Anything that sits between your e-mail client and the SMTP server can cause
the timeout due to excessive delay. Perhaps you are using some anti-spam
program that also checks outbound mails (I don't know of any but its
possible). I suppose even a firewall could cause delay since everything in
the path causes delay. It could even be a problem with their DNS server not
returning the IP address for your e-mail program to use to connect to the IP
name you specified for their mail server.
Another problem with timeouts can be caused by too much network delay. If
there is a lot of contention for traffic over your network (which includes
any outside network that you use), delays will result. If the above didn't
help, try running the following:
ping -n 100 <somehost>
<somehost> should be one that responds to pings (not all do as it consumes
resources and can be used abusively). You can try pinging your outbound
mail server, or your ISP's home page, or yahoo.com. ping defaults to only 4
requests and that is not enough to determine if you have packet loss and why
I mention a sample size of 100 pings. If you get a lot of delay or packet
loss then your e-mail client will start timing out (e-mail clients seem far
more susceptible to delay and packet loss than, for example, browsers). The
only way to cure it is to call your ISP and report excessive packet loss as
it is something they will have to fix (rarely would it be caused on your
end).
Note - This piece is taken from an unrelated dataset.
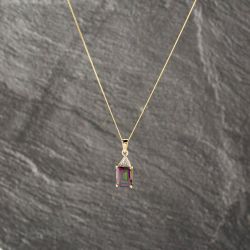 Second Hand Yellow Gold Mystic Topaz & 0.01ct Diamond Pendant & 18 Inch Curb Chain 41143173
You can call your ISP to have them check the line but they only check
signal strength, not packet loss. I've noticed e-mail client timeouts
starting with just 4% packet loss and abysmal performance, if any, when it
gets to 10% to 14% loss (but a browser will wait longer but display pages
more slowly). Every packet lost has to be retried which ups the amount of
delay, sometimes so much so that the e-mail client will simply timeout.
As to how high is too high for delay, well, I would probably start getting
anxious if over 80ms and start wondering when to call if over 130ms, but it
depends on the hops (hosts) between you and the mail server. Do a
traceroute (tracert command) to the mail server and see if any hops are
listed with a high delay. Some users in one country feel compelled to use
an e-mail service across the ocean where there is often a big jump in delay
for one host to make that transoceanic hop.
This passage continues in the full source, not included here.